The Gateway is a large, open-air retail, residential, and office complex in Salt Lake City, Utah, United States. It is centered on the historic Union Pacific Depot on the west side of Downtown Salt Lake City between 50 North and 200 South streets and between 400 and 500 West streets. Rio Grande Street has been the site of many special events and becomes a one-way street and heads north through the center.

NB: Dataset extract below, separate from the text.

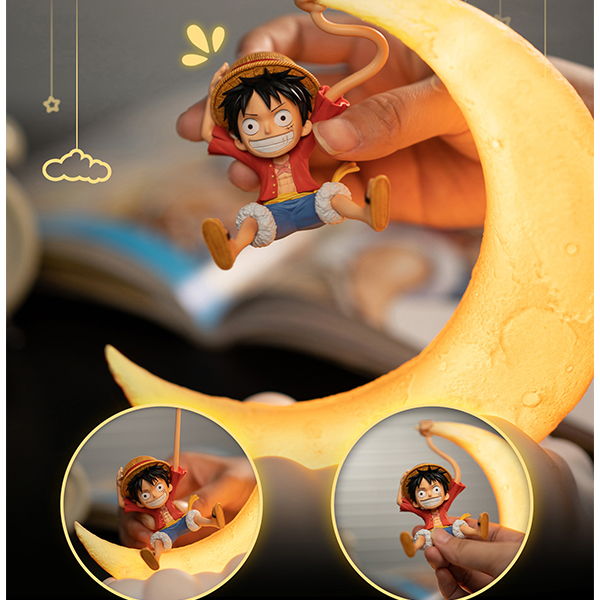 正版海贼王单色暖光拉拉路飞磁控小夜灯 礼物摆件送礼可写字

The center has featured as many as 89 outlets, but recent changes have allowed the center to provide new retail shopping experiences and become more of a social gathering place centered on dining and nightlife.

In the northeast corner, a seven-story  office tower for more than 1,200 employees was completed in 2007 for the sole occupancy of Fidelity Investments.

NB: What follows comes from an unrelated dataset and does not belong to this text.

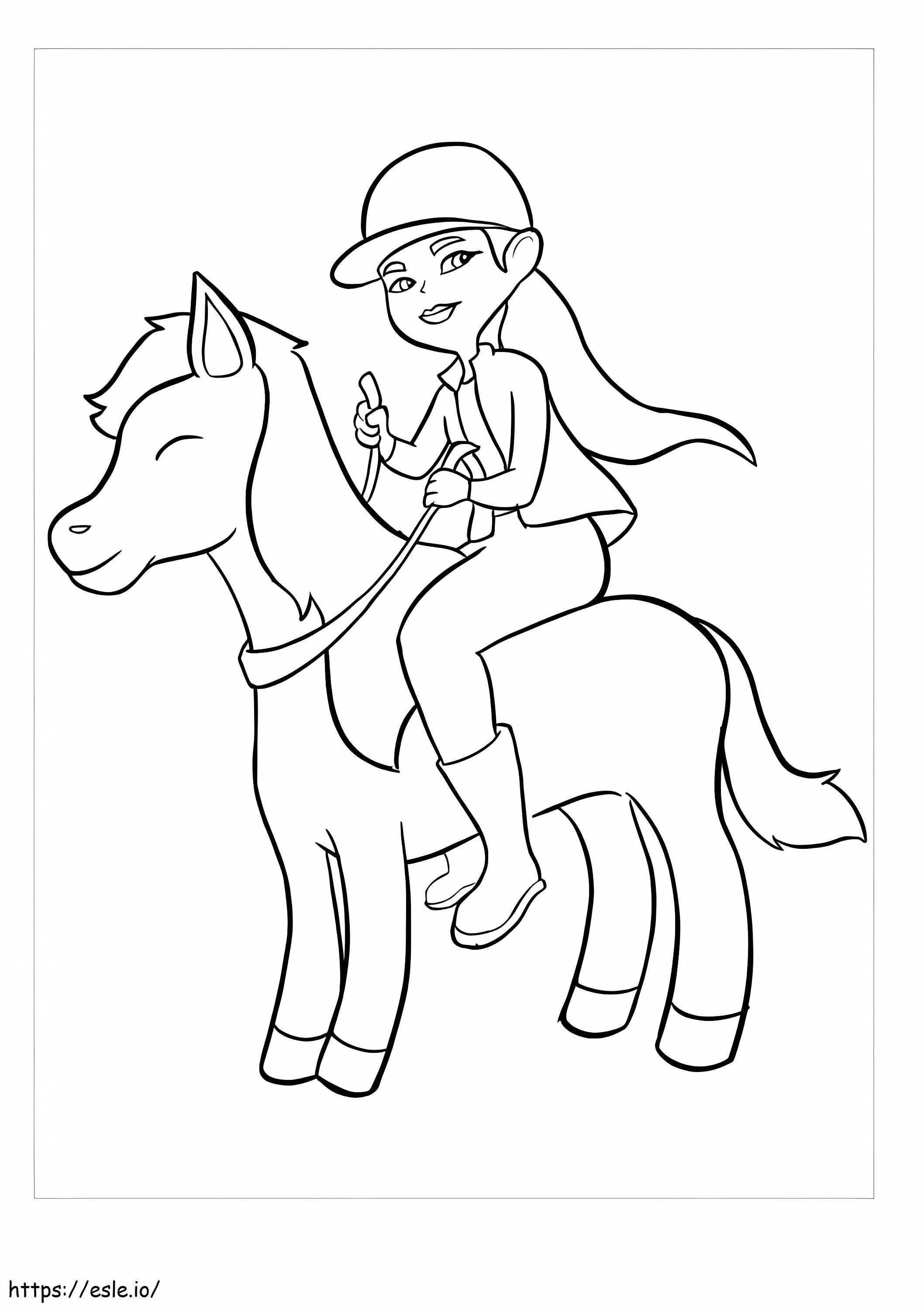馬に座る女性 ぬりえ - 塗り絵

By 2014, the center's occupancy rate had fallen, with major tenants such as Apple Inc. having moved half a mile east to the newer and more centrally-located City Creek Center, opened in 2012 by the Church of Jesus Christ of Latter-day Saints.

Retail Properties of America Inc. had valued the center to $75 million in 2014 and would expect further decline. Previous efforts to stabilize and sell the center had failed. Some of the outdoor areas had been upgraded, and nearby development projects had been planned.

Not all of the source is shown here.